For now at least, nothing in economic data or corporate earnings is screaming danger. Yet if there is a lesson in August’s rout, it’s that consensus bets — going long artificial intelligence, exploiting the weakening yen — can backfire suddenly.

For a sense of the tenuousness, consider the path of rate cuts priced in Fed fund futures. Back in January, when inflation fears ebbed, bond traders wagered on roughly six rate reductions for all of 2024, with the first one arriving as early as March. When inflation proved stickier than forecast, those bets were pared and by April, only one cut was expected. 

Now the consensus is, the Fed will kick off its easing cycle next month, with four quarter-point reductions by December. 

“The reality is both the Fed’s own guess in the dot plot and the market’s expectations are always wrong,” said James St. Aubin, chief investment officer at Ocean Park Asset Management. “I could see easily three cuts this year. Four might sound pretty extreme. It would probably only happen if the economy was really in bad shape.”

At the same time, caution has mostly proved a costly investment philosophy this year. In the credit market, the much dreaded maturity wall — the threat of painful refinancings by corporate borrowers at higher rates — is collapsing as the amount of looming debt repayments in the junk bond market is poised for the biggest annual decline in at least a decade. Credit default swaps, or instruments designed to hedge exposure to credit risks, have retreated as the Markit CDX North American High Yield Index hovered near the lowest levels since early 2022. 

Rather than taking a hit from higher borrowing costs as many had feared, corporate earnings may in fact have benefited from the jump in benchmark rates from 0% to over 5%. That allowed cash-rich firms, technology megacaps in particular, to enjoy a steady stream of income from their bond investments. 

According to Kaixian Tan, an analyst at Gavekal Research, the entire increase in non-financial corporate income since 2022 can be attributed to a drop in interest payments on a net basis — a counterintuitive situation where booming interest income broadly offset rising debt service costs as rates rose.

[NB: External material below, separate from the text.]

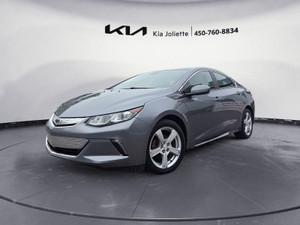2018 Chevrolet Volt Hayon LT A/C DEMARREUR CAMERA S.CHAUFFANTS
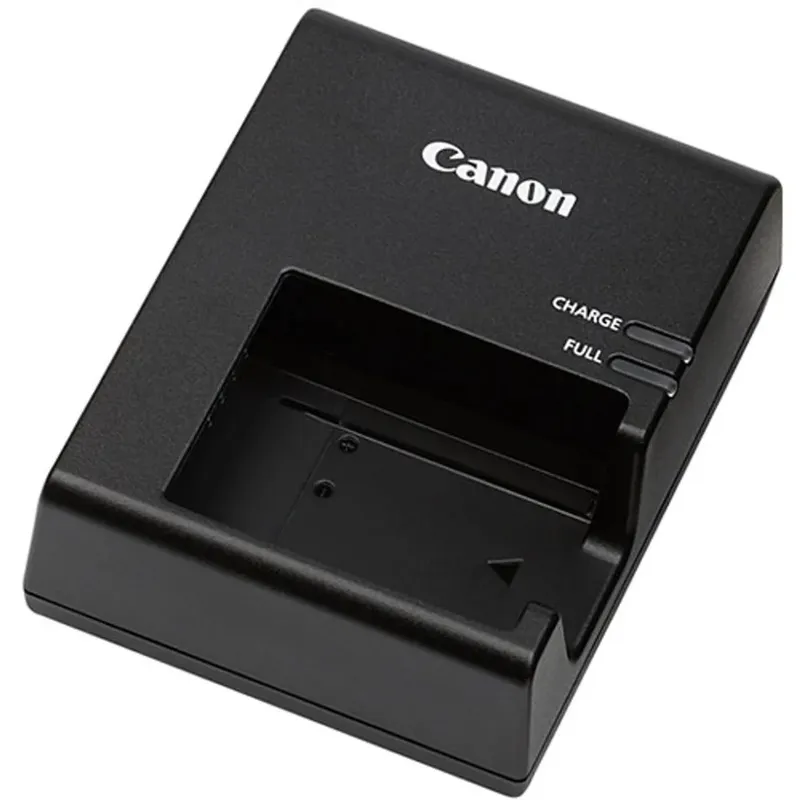 Carregador De Bateria Canon Lc-e10e Para Bateria Canon Lp-e10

Now with interest rates heading lower, that tailwind is under threat.

“Rate cuts will squeeze corporates’ interest income, and therefore their profits,” Tan wrote in a note this week. “This will disproportionately hit big companies sitting on large cash mountains, and may lead to their relative underperformance.” 

To Jack McIntyre, global bond portfolio manager at Brandywine Global Investment Management, predicting anything in the post-pandemic world is nearly futile. If he had to venture a guess, it’s that economic resilience will dull in the coming year and in that environment, bonds will beat stocks. 

“To me, a soft landing is just a hard landing postponed,” he said. “I don’t think we go from soft landing back to a no landing.”